A possible generic specification of a extraction function using jsoup that can retrieve generic url's and items (or both, or either, or none) could be defined as follows. It's functional, and idiomatic afaik. Please provide comments if it can be improved.
import org.jsoup.nodes.Document
object ExtractorTraits {
case class UrlPair[T](data: String, payload: Option[T])
case class ResultPair[T,U](items: Option[Seq[T]],urls: Option[Seq[UrlPair[U]]] = None)
trait ItemExtractorTrait[I,C] {
type ExtractedType = I
type RetType = Option[Seq[ExtractedType]]
type ExtractorFunction = (Document,Option[C]) => RetType
def apply : ExtractorFunction
}
class ItemExtractor[I,C](extract_item : ItemExtractorTrait[I,C]#ExtractorFunction = (doc : Document,c: Option[C]) => None)
extends ItemExtractorTrait[I,C] { val apply = (doc: Document, ctxt: Option[C]) => extract_item(doc,ctxt) }
trait UrlExtractorTrait[U,C] {
type UrlPayload = U
type RetType = Option[Seq[UrlPair[U]]]
type ExtractorFunction = (Document,Option[C]) => RetType
def apply : ExtractorFunction
}
class UrlExtractor[U,C](extract_url : UrlExtractor[U,C]#ExtractorFunction = (doc:Document,c : Option[C]) => None)

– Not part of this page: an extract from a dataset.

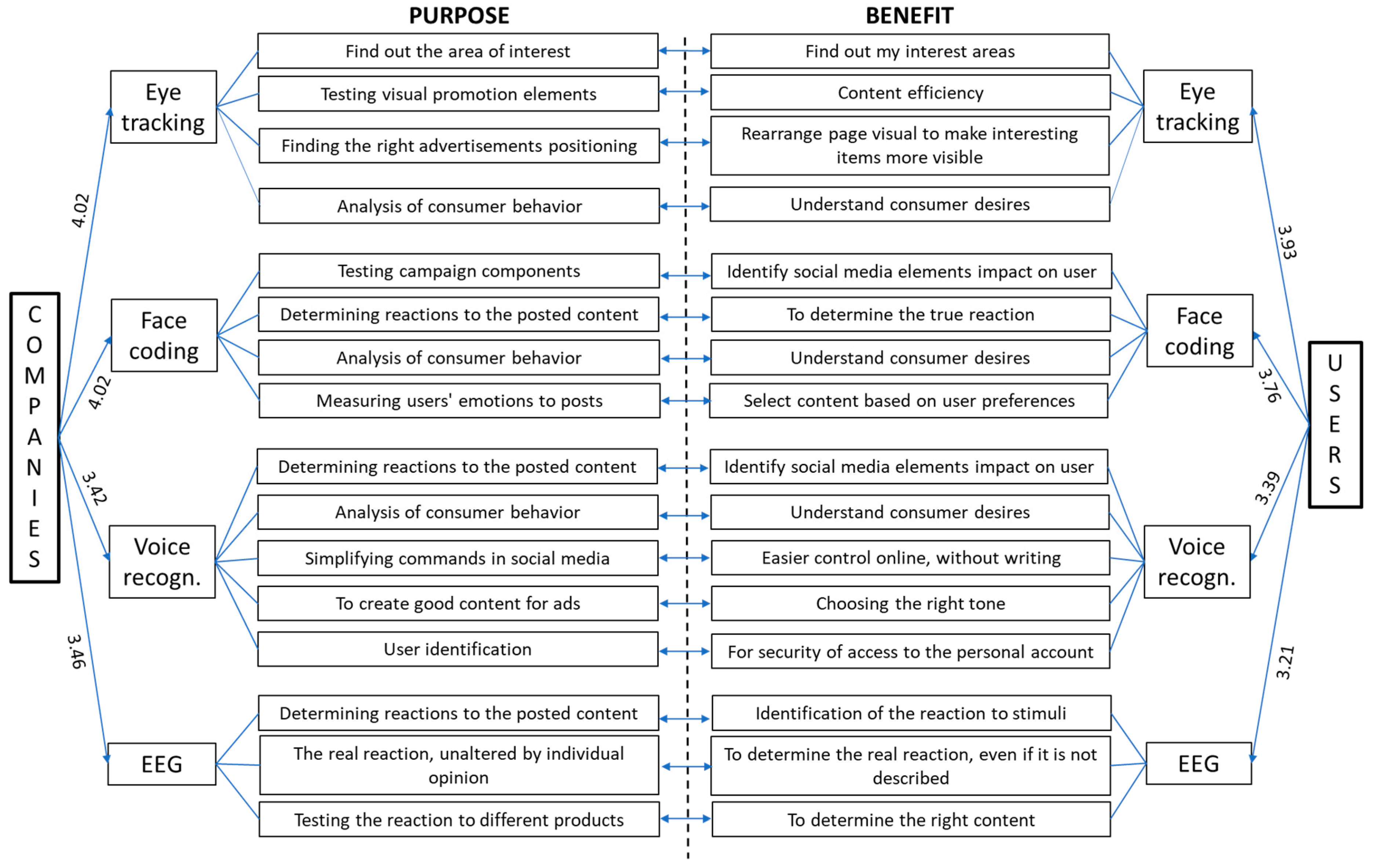 Sustainability 11 07094 g007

extends UrlExtractorTrait[U,C] { val apply = (doc: Document, ctxt: Option[C]) => extract_url(doc,ctxt)}
trait ExtractorTrait[I,U,C] {
type RetType = ResultPair[I,U]
type ExtractorFunction = (Document, Option[C]) => RetType
def apply : ExtractorFunction
}
class Extractor[I,U,C] (item_extractor: ItemExtractorTrait[I,C]#ExtractorFunction = new ItemExtractor[I,C]().apply,
url_extractor: UrlExtractorTrait[U,C]#ExtractorFunction = new UrlExtractor[U,C]().apply) extends ExtractorTrait[I,U,C] {
val apply = (doc: Document, ctxt: Option[C]) => ResultPair[I,U](item_extractor(doc,ctxt),url_extractor(doc,ctxt))
}
}
edit
Split the function traits up so they can be worked with separately.
edit2
extractors now have context